Later in the pageant, the Colombian troupe Compañía Cuerpo de Indias introduced “Flowers for Kazuo Ohno (and Leonard Cohen).” Álvaro Restrepo, the affable director of the group, spelled out the title in a lengthy preshow speech about his route in dance (which includes his very first do the job, performed at La MaMa in the 1980s). In 2008, when Compañía Cuerpo was undertaking in Tokyo, Ohno — a founder of Butoh, the dark Japanese dance-theater form — sent flowers backstage. The clearly show is a reciprocal tribute to Ohno, who died in 2010, and to Cohen, who died in 2016 (and also to the poet Federico García Lorca, an affect on equally).

This did not describe absent the oddness of the mash-up. The songs is all Cohen, typically from the afterwards, deep-voiced period of time, some of it protect variations by the likes of Nina Simone and Anohni. The dance — choreographed by Restrepo, Ricardo Bustamante and Marie France Delieuvin — isn’t Butoh, but it borrows Ohno’s predilection for cross-dressing and femme elegance.
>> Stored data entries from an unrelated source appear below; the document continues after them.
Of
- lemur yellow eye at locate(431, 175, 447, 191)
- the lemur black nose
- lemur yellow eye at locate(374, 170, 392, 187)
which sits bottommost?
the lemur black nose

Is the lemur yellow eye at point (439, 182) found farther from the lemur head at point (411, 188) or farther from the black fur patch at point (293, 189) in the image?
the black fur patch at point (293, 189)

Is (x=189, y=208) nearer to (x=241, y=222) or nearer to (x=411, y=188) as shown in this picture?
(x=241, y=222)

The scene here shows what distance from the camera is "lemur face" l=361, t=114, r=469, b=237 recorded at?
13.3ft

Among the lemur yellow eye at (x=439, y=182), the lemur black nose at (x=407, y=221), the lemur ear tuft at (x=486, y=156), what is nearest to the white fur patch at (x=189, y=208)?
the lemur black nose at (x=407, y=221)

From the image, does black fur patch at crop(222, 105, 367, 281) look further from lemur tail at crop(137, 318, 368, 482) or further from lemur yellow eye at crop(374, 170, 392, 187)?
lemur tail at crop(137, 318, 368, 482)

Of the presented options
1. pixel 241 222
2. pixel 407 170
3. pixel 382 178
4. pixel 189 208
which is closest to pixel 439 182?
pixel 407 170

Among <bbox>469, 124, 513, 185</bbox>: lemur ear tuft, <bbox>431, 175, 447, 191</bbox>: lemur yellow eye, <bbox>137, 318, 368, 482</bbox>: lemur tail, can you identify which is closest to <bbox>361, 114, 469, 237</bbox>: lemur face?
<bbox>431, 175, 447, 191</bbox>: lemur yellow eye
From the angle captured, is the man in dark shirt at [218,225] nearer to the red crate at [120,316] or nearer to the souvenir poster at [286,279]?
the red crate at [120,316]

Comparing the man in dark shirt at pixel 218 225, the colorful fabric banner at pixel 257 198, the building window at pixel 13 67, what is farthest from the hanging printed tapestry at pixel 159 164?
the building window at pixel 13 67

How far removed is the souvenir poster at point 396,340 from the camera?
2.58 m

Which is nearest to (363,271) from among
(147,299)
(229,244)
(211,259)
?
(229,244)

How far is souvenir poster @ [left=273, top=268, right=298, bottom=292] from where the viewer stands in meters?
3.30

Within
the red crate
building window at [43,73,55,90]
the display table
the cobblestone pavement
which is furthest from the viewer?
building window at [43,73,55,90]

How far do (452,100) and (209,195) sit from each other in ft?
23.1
The conglomerate model is bewildering: Masked dancers, skeleton puppetry and screamed Lorca poetry meet up with maudlin acrobatics you may possibly come across on “So You Assume You Can Dance?”

The serial construction — 1 slow Cohen keep track of just after another — will make for a lengthy 90 minutes, although a recurrent figure of a person carrying a Buddha head and a Japanese enthusiast as a skirt provides a little something of a thread. Slicing by means of a reverential, funereal tone are flashes of splendor (waltzing designs, purple skirts pooling on the floor) and astonishing revelations of a sensibility that connects the business with the artists it honors. Cohen’s posthumously produced tune “Puppets” (which starts with “German puppets burned the Jews”) looks designed for this Colombian troupe channeling a Butoh founder.
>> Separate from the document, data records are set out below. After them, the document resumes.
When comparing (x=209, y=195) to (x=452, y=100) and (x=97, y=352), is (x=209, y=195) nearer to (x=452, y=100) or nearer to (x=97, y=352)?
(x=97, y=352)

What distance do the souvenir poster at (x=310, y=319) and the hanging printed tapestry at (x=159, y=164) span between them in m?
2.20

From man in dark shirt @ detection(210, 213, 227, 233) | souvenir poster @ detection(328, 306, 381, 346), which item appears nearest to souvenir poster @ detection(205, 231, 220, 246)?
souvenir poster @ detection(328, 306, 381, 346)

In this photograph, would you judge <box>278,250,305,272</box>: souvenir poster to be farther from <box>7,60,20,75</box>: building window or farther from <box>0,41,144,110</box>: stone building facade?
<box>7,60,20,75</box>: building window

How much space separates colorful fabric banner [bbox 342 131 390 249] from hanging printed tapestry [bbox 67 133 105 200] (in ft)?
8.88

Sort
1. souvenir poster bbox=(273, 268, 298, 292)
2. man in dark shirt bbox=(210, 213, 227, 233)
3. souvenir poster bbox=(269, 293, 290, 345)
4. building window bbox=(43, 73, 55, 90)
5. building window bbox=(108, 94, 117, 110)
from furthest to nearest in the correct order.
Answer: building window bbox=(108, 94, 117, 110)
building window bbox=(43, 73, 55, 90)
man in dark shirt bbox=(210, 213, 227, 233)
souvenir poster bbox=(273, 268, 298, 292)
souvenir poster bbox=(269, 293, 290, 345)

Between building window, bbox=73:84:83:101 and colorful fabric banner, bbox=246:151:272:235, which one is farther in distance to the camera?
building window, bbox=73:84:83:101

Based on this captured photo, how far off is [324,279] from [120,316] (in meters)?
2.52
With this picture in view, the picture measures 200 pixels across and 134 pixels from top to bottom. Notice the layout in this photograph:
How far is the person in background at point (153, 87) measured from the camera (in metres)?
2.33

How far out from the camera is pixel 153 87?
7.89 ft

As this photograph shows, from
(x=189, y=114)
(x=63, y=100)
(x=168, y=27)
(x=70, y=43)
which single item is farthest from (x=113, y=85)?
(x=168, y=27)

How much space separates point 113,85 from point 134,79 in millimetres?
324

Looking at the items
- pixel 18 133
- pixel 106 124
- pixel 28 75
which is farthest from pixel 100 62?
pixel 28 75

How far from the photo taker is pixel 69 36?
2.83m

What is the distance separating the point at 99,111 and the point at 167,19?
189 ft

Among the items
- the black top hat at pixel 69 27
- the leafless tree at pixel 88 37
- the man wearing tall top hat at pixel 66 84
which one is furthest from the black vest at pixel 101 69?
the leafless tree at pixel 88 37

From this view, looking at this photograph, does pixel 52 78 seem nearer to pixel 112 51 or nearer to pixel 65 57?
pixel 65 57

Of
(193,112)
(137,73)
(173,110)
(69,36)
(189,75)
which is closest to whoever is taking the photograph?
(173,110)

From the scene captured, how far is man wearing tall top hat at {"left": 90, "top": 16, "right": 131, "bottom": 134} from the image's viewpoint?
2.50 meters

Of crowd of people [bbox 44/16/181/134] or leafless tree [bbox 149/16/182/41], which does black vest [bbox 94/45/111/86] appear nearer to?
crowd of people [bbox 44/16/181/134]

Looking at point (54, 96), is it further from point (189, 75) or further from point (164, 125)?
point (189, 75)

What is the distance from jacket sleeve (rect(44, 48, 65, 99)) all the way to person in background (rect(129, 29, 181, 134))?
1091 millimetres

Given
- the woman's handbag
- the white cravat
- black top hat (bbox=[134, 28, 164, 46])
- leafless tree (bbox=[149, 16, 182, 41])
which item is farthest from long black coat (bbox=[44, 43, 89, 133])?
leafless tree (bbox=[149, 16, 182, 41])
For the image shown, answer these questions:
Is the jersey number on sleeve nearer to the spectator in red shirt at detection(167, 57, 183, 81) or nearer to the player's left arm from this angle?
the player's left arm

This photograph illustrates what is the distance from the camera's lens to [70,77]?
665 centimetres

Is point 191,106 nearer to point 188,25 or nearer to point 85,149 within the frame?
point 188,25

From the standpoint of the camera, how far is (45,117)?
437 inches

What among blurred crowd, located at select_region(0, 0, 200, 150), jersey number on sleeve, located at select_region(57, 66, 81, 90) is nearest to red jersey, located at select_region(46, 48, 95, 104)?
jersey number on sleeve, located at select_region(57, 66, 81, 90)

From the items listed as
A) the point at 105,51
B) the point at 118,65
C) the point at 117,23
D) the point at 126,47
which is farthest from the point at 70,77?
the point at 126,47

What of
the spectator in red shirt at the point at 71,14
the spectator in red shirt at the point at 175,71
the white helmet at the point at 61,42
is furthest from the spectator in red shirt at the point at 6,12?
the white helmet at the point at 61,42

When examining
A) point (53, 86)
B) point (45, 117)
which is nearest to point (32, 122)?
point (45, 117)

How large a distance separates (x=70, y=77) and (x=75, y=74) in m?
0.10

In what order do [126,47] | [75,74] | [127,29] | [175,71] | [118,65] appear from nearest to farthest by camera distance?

“Confianza (Rely on),” conceived by the choreographer Valeria Solomonoff for her Valetango Corporation, also describes itself at the outset. Solomonoff and her 10-year-previous daughter, the self-possessed Alondra Meek, communicate in Spanish and English about the difficulty of trusting other persons. Have faith in is created into the bodyweight-sharing, guide-and-adhere to interactions of tango, the base of the company’s method.

The clearly show explores the theme in a sort of narrative. To a properly eclectic array of tracks (which features not only tango but Barbatuques and Ali Farka Touré), Solomonoff encounters Rodney Hamilton and Orlando Reyes Ibarra, equally of whom choreographed the piece with her. It does not go perfectly with Ibarra (he pushes her to the ground), she finds a harmony with Hamilton (they acquire turns covering each and every other’s eyes), she knocks Ibarra down, the 3 dance collectively and Solomonoff finishes up on your own. Meek is present all over, as if to depict Solomonoff’s susceptible inner child.

Believe in and tango go collectively, alongside with the psychological potential risks of romance, but listed here the dance language normally appears to be shackled by the storytelling. The choices of a few-man or woman tango, for 1, continue to be tantalizingly underdeveloped.

These 3 functions didn’t usually discover the balance between matter and sort, direct and implicit that means. But they all appeared at property at La MaMa, not a white cube but an institution that has constantly invited artists to experiment.

La MaMa Moves! Dance Pageant

As a result of May perhaps 5 at La MaMa Manhattan 646-430-5374, lamama.org.